The other day, I was sent a link to a quiz. Little did I know, this five-minute quiz would reveal to me the very hard truth about the ways in which I interact with people, the way I love and why I’ve been repeatedly hurt by others and myself throughout my life. What I thought would be a fun quiz to do while brushing my teeth ended up becoming several hourlong conversations with a friend and a head swirling with emotions and thoughts.
There are four types of attachment styles: secure, anxious, avoidant and fearful-avoidant. Each of these is used to describe the way people are in relationships with others. The theory states that we develop our attachment style throughout our early childhood. This means our present relationships with others are a reflection of the type of care we were given growing up. While you can take the quiz if you want, it’s pretty common to be a mixture of the four attachment styles. Here is a description of each to help get you thinking about the way you form relationships and attach yourself to others.

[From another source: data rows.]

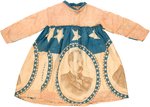 CLEVELAND/THURMAN JUGATE CHILD'S PARADE DRESS.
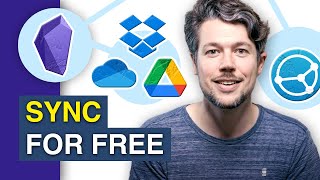 How to sync Obsidian 4 FREE · Syncthing vs Autosync [upl. by Ayekan996]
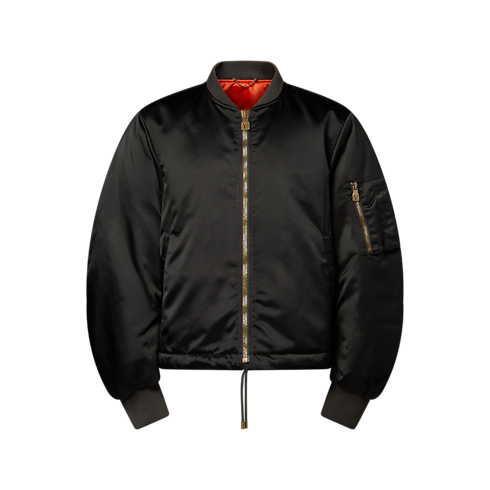 جاكيت بومبر قصير in الرجال's الملابس المعاطف collections by Louis Vuitton (تكبير صورة المنتج)
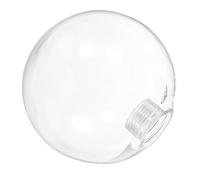 Operitacx 3 pièces Globe Verre Transparent Abat Jour pour Lampe Plafonnier Suspension Protection Simple et Remplacement Durable
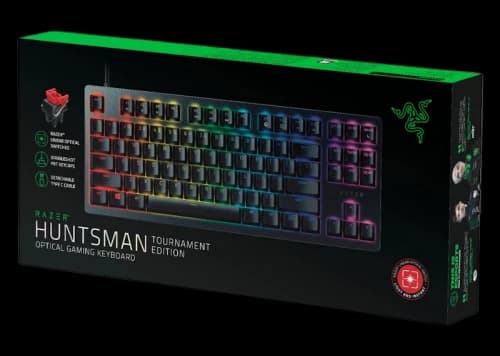 Razer Huntsman Tournament Edition TKL Wired Gaming Keyboard RZ03-03080200-R3U1 Black
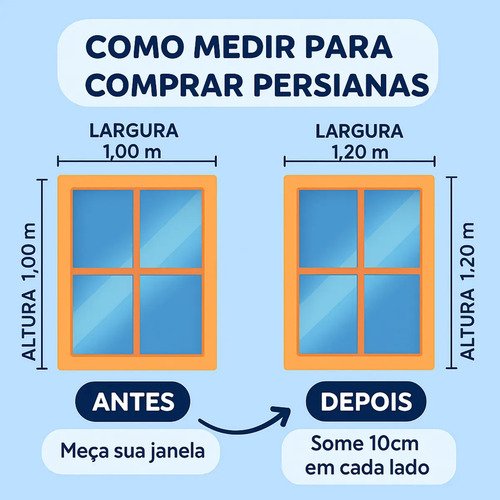 Persiana Cortina Blackout Rolo 160x160 Blecaute 0% Luz Sala Cinza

Ugh, what we wish we could all be. These people are secure in their relationships with others. They can readily create secure, loving relationships with people, without jealousy or hesitation. They receive and give love easily and are not deterred when their partner wants space or if there is a conflict within the relationship. They trust their partner and are able to depend on them without becoming codependent.
This style of attachment generally comes with a fear of abandonment. They are often insecure about their relationships with their partners, afraid that they will be left alone. Thus, they can often feel desperate for validation. These are the people pleasers, the ones who give all of themselves to someone in hopes that it is enough to make them stay. They would rather sacrifice their own well-being in order to ensure the security of their relationships. This type of attachment is also known as anxious-preoccupied, anxious-resistant and anxious-ambivalent.

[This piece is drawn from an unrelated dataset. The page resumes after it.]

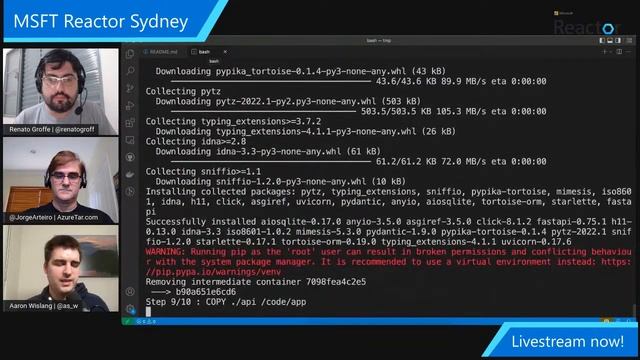 Containers on Azure for Developers смотреть онлайн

These people are marked by their resistance to intimacy and attachment to others. They have a hard time not only opening up to people but also getting close to them. Their trust issues create distance between them and the people in their lives, making them appear emotionally distant and indifferent. They would rather be on their own, in fear of the pain or vulnerability a close relationship may bring.

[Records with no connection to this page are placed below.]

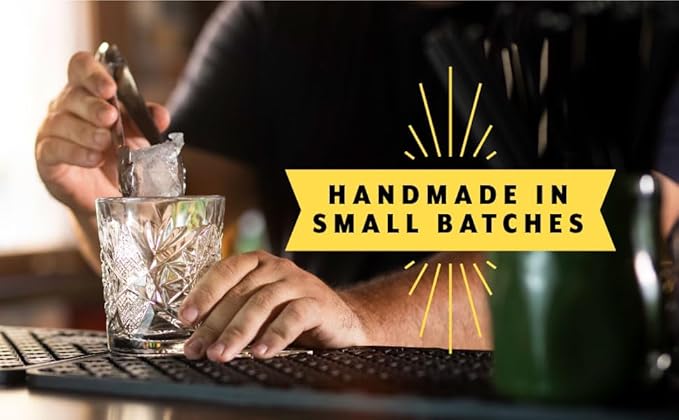 *NEWER VERSION WILL SHIP* Liquid Zero Double Zero Mojito Mix (New Version Makes 8 Drinks instead of 4, same original mix) Craft Cocktails, Sugar Free, Keto Friendly, No Artificial Aftertaste.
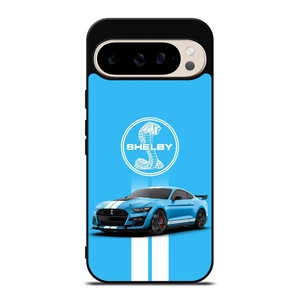 FORD SHELBY ICON BLUE Google Pixel 9 Pro Case Cover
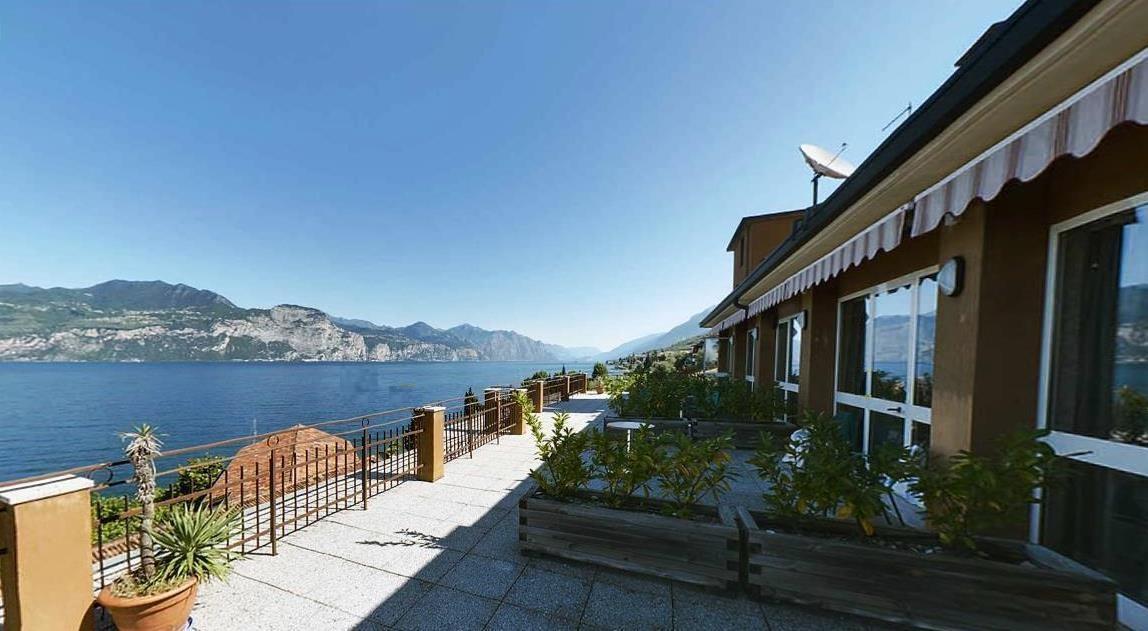 Hotel Nike Brenzone sul Garda Eksteriør bilde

These people crave love and attention desperately, but for some reason feel themselves being reluctant to receive or give any love. They create distance between themselves and all others, similar to the avoidant attachment. However, they differ from the avoidant in that they need and want to love and be loved.
Everyone may not fit into each category perfectly — you may even spill onto others. Regardless, it is interesting to understand that much of the way you love and receive love was developed because of the way you were cared for as a child. Researching attachment types helped me personally align the way I am now with the way I was loved growing up. It answered a lot of questions I didn’t even know I had. Understanding this about yourself and your loved ones not only creates clarity, but a peace of mind.